I'd bump the calories up to 3000, how much do you weigh? Bulk for as long as you can without getting too fat. Maybe start a cut at about 15% bodyfat.


----------



## SuperLift (May 13, 2011)

Try eating 4,000 calories bro! You would be surprised at how strong you get!


----------



## feinburgrl (May 13, 2011)

SuperLift said:


> Try eating 4,000 calories bro! You would be surprised at how strong you get!



Are you joking about 4k calories?


----------



## Anabolic5150 (May 13, 2011)

feinburgrl said:


> Are you joking about 4k calories?


 

Pretty sure he is dead serious.

Me, I'd make it 5000 a day.


----------



## ihateschoolmt (May 13, 2011)

^ Me too, honestly. Only if you are a skinny guy having trouble gaining weight though.
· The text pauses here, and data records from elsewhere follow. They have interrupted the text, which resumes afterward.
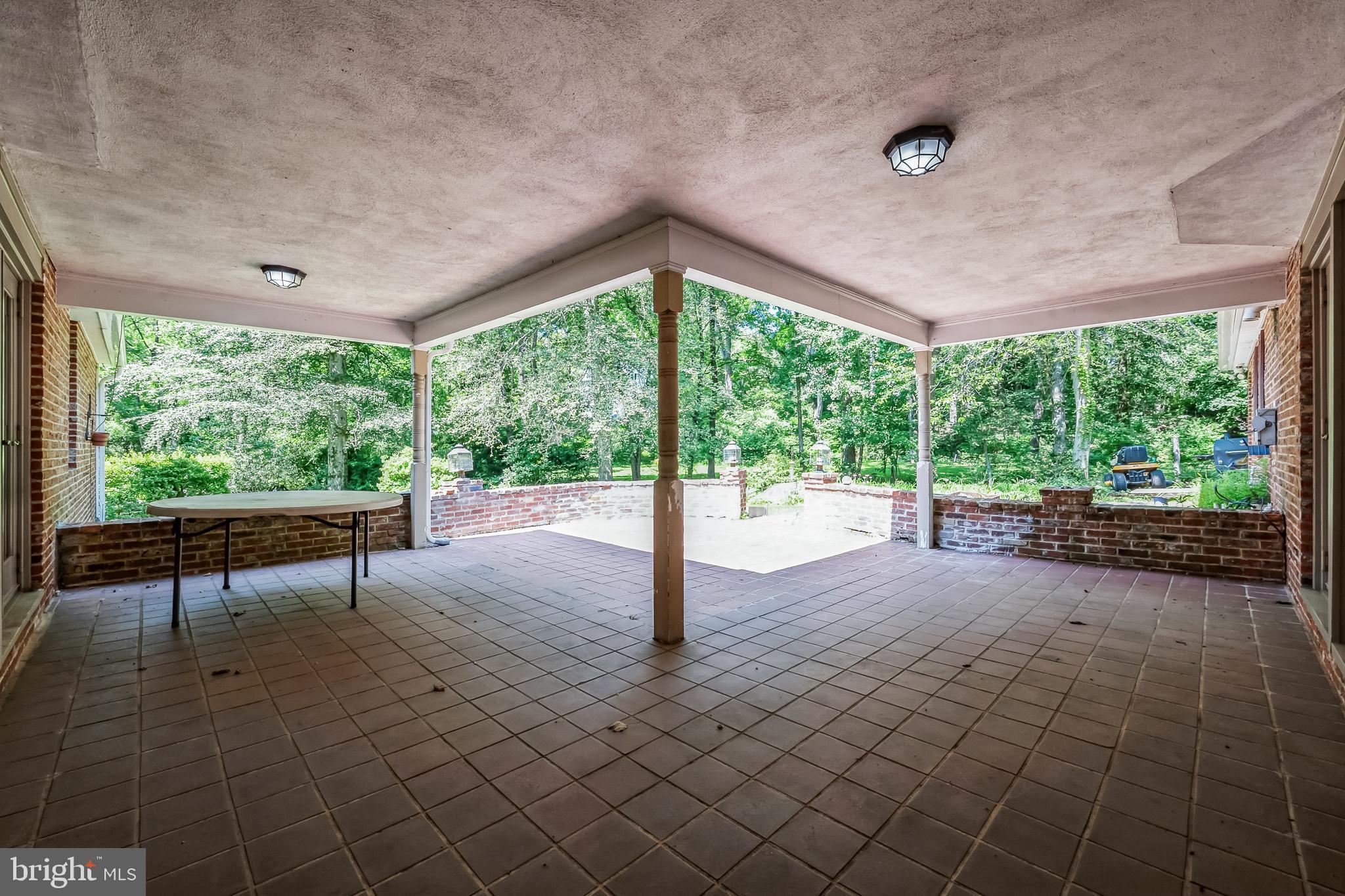 HUNTINGDON VALLEY - Residential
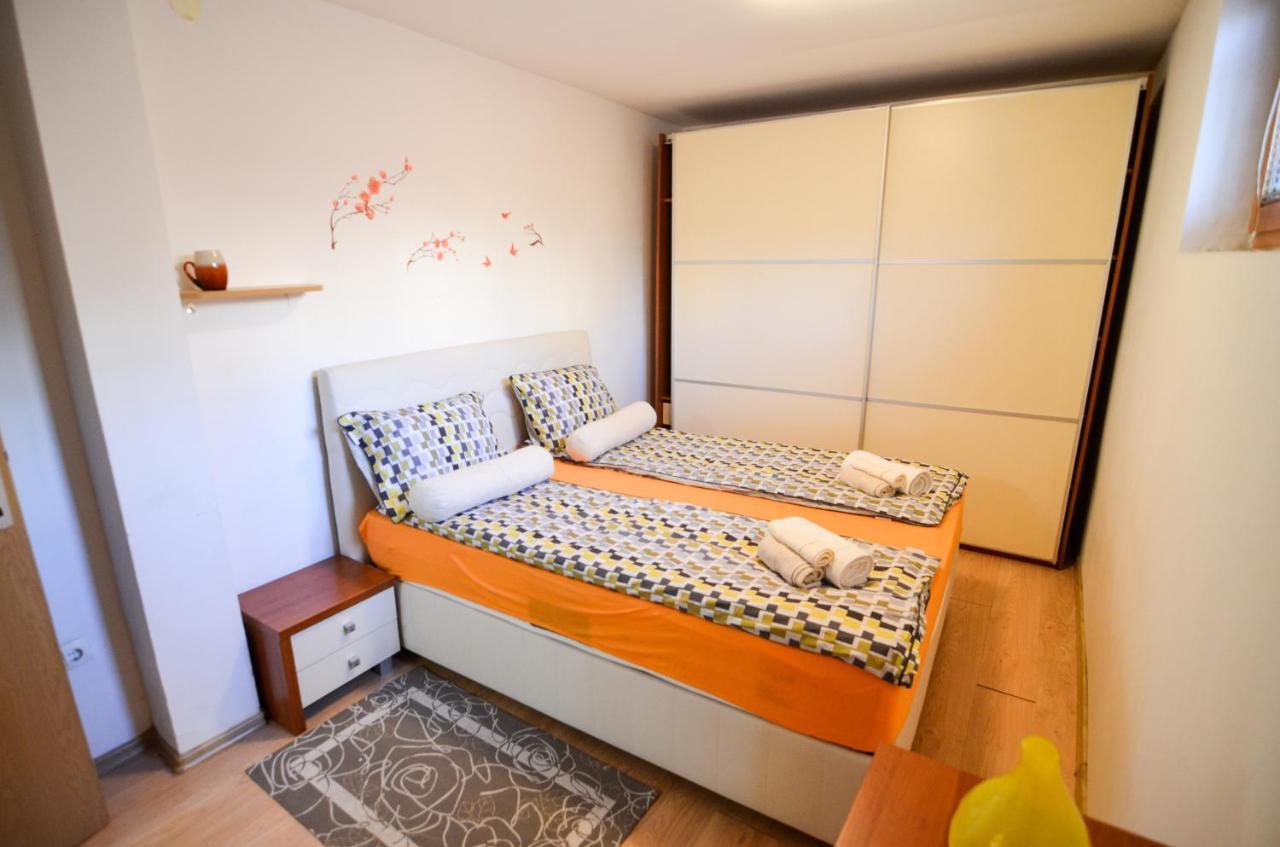 Blacksmith Apartment + Free Private Parking Sarajevo Ngoại thất bức ảnh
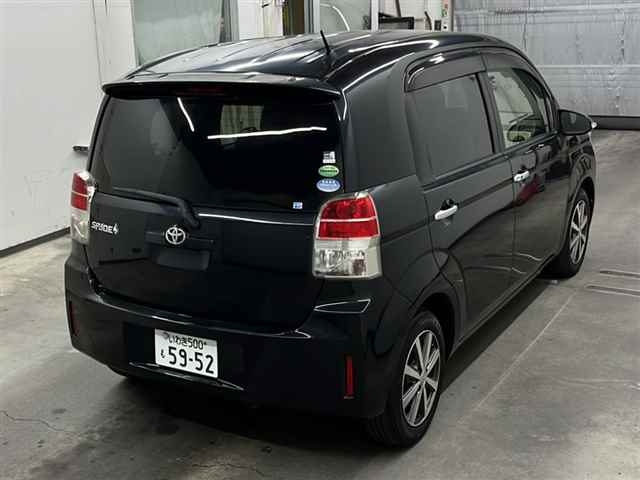 TOYOTA SPADE 2013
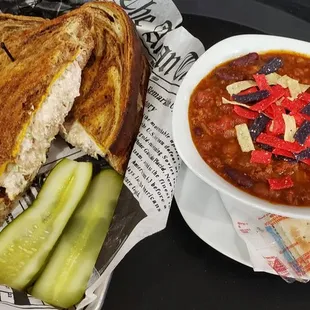Tuna melt &amp; bowl of chili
I know I said bump to 3k earlier but you probably would see better results with something way more if you are young and naturally skinny.


----------



## SuperLift (May 13, 2011)

feinburgrl said:


> Are you joking about 4k calories?



Not at all man. 4000 is a lot, but its really not THAT much compared to some of these other guys. You have to eat big to get big, no doubt. During a bulk, ill settle for 4000 but most days Ill even go for 4500-5000.  Its hard to take in that much food while eating clean at the same time. (clean as possible) I was a skinny guy myself man, started at 6'2 160 lbs. Bulked up from 160-230.. (took 3-4 years or so) It took me a while to work up to eating that much as well just because I wasn't used to it, but now its no prob. Ill eat 900-1000 cals just for breakfast.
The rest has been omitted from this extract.